Yes, the layout of fields in the interpreter is supposed to match the target's record layout.


We can optimise this later, avoiding the need to create blocks for local primitives which never have pointers taken. If a local does not have a pointer generated to it using GetLocalPtr, the block is not needed at all and zero-initialisation using memset should do the job.


I was a bit afraid of documenting everything and then changing everything, but things seem to be quite stable now, so I will add some documentation.


It's definitely on the TODO list - I would like to avoid such optimisations for now, until enough features are available to run sizeable benchmarks.


I haven't written things up yet since I changed quite a few things over the past few weeks. I am wrapping up support for unions and will produce a more detailed document afterwards. In the meantime, I have documented this field.


It's on the TODO list - I am aiming for C++11 conformance ASAP and this will be required.

nand added a comment.Tue, Aug 13, 7:18 AM

The old path-based approach is slow for most operations, while the new pointer-based approach is fast for the most common ones.
For read/write/update operations, it is enough to check the pointer and at most a single descriptor to ensure whether the operation
can be performed.
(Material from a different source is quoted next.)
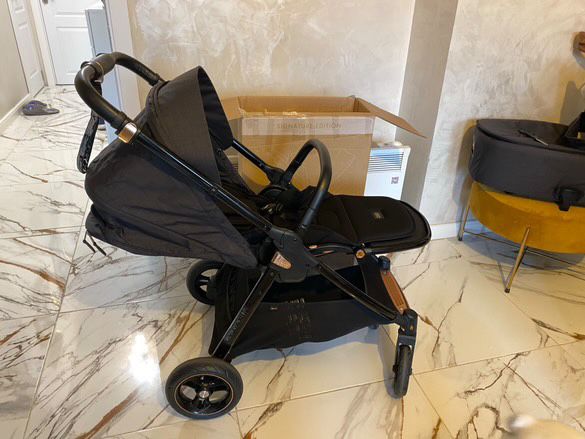Бебешка количка mamas and papas xt3 limited edition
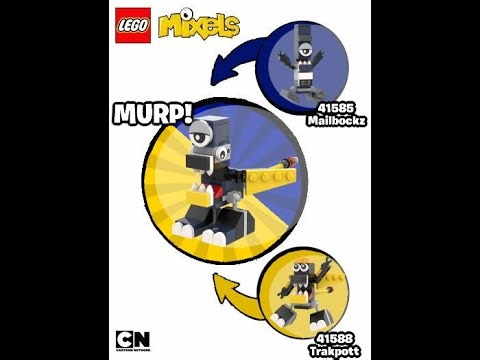 Mixels: Let's Mix Again, Trakpott & Mailbockz Murp Moc Instructions (ItsMysticalz)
For some operations, such as some pointer comparisons, in the worst case the old-style path can be reproduced by
following the pointers produced through the getBase method, allowing us to implement everything.

Extern objects are handled by allocating memory for them, allowing pointers to those regions to exist, but marking the actual storage
as extern/uninitialized and preventing reads/writes to that storage.

Some details of corner cases are not clear at this point, but the fact that we can reproduce full paths and have space to store any special
bits gives me the confidence that we can converge to a full implementation.

I want to stress again the fact that C++ has an insane number of features and I am focusing on implementing as many of them, leaving a
path towards future optimisations open. I do not want to clobber initial patches with optimisations that would increase complexity - the
few things we do with direct local reads/writes and improved loops already yield significant speedupds.